» What is being asked: Every line from the one with "Plaid patchwork chair" to the one with "Cartes postales QSL", including those two, is to be copied exactly; all other lines of the entries below are left out.

[Stored data entries]
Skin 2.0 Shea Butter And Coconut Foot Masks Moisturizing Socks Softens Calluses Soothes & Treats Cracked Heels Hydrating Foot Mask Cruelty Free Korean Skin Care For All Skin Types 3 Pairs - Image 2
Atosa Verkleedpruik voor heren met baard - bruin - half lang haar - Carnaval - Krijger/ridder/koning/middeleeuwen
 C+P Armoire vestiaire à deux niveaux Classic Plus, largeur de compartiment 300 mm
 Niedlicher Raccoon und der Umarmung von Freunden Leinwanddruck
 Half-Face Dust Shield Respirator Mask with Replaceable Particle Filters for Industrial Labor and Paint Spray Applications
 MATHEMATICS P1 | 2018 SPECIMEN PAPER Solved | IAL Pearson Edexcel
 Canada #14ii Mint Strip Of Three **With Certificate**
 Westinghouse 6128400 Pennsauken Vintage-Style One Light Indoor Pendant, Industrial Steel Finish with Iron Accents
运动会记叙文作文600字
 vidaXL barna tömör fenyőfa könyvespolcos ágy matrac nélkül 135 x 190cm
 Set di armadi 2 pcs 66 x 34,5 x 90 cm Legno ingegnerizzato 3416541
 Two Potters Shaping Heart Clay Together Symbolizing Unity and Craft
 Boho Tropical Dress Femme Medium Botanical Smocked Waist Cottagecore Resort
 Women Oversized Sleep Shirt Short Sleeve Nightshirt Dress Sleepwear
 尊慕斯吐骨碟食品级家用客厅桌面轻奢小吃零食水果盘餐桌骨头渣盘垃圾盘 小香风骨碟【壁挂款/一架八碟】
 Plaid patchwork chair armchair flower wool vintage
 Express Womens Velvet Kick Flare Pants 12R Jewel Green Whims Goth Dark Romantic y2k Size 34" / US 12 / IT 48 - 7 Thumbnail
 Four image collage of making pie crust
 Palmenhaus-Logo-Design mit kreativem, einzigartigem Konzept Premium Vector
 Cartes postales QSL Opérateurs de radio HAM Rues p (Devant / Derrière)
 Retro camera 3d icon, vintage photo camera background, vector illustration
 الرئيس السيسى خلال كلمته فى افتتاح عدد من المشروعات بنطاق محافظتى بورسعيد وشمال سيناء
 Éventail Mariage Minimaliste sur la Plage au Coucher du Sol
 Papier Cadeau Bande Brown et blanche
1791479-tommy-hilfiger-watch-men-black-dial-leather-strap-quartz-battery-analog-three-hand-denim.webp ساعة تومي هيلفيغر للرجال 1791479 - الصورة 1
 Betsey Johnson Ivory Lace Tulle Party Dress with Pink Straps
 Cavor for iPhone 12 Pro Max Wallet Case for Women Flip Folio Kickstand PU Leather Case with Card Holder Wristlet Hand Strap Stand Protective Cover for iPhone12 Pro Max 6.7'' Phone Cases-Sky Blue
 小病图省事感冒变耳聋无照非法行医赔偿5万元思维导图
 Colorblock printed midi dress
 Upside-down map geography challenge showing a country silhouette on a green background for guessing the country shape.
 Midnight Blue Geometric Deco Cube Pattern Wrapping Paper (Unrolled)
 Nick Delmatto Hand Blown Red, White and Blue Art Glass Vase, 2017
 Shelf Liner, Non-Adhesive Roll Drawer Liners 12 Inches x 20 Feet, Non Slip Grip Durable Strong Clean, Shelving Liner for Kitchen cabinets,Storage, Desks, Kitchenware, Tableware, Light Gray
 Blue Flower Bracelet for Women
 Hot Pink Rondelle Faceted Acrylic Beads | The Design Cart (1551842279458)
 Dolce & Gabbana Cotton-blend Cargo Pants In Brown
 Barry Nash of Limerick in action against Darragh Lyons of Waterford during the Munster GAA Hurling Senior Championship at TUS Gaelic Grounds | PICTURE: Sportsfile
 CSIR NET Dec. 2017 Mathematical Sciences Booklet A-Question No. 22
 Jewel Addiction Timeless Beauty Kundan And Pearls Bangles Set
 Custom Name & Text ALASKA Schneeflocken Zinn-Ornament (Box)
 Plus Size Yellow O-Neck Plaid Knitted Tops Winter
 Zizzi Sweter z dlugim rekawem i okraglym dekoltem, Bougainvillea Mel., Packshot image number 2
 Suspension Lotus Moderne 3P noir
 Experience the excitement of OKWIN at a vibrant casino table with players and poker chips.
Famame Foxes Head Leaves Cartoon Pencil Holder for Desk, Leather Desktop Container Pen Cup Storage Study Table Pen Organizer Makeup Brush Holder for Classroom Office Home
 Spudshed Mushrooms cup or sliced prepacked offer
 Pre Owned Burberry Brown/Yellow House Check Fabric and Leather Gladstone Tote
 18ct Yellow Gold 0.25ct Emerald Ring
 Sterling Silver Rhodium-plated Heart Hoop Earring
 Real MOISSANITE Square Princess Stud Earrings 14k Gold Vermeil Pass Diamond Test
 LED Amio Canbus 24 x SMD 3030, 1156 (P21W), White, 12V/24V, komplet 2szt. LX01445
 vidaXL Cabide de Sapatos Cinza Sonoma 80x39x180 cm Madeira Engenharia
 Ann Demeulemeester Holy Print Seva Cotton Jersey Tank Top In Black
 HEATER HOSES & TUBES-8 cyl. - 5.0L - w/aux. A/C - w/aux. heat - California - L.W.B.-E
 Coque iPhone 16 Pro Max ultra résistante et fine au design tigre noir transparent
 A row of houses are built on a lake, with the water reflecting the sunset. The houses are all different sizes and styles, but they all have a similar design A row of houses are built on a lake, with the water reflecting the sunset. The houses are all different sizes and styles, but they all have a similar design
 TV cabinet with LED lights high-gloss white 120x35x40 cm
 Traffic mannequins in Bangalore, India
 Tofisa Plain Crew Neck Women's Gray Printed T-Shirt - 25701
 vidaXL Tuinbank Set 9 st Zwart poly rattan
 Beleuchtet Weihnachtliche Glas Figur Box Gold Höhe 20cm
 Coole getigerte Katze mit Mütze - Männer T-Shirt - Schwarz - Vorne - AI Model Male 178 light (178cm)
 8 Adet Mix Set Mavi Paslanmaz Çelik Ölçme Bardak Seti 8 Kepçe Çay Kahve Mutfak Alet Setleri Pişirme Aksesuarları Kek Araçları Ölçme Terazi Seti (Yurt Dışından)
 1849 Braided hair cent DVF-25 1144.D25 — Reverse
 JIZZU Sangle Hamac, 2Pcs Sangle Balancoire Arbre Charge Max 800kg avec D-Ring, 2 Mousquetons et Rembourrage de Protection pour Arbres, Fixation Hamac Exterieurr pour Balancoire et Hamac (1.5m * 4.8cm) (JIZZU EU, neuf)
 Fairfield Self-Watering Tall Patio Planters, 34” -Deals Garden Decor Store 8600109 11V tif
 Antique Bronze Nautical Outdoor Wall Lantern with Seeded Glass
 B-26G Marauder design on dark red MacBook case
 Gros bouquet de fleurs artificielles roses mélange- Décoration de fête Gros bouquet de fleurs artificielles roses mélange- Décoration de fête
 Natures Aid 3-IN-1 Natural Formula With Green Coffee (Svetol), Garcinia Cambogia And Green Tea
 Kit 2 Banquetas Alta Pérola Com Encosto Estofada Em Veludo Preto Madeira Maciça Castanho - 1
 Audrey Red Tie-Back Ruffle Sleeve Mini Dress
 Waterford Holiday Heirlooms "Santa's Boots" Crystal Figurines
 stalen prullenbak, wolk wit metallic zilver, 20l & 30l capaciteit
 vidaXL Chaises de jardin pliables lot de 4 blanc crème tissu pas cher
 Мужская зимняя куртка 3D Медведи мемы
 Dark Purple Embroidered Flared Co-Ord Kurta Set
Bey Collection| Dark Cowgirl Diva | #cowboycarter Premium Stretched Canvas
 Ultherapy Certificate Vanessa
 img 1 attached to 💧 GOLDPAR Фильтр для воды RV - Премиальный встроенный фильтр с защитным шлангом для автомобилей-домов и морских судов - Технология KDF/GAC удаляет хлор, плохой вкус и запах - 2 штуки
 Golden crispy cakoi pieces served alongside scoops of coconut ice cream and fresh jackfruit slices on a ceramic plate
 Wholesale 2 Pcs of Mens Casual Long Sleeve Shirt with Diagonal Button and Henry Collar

» Answer to this task:
 Plaid patchwork chair armchair flower wool vintage
 Express Womens Velvet Kick Flare Pants 12R Jewel Green Whims Goth Dark Romantic y2k Size 34" / US 12 / IT 48 - 7 Thumbnail
 Four image collage of making pie crust
 Palmenhaus-Logo-Design mit kreativem, einzigartigem Konzept Premium Vector
 Cartes postales QSL Opérateurs de radio HAM Rues p (Devant / Derrière)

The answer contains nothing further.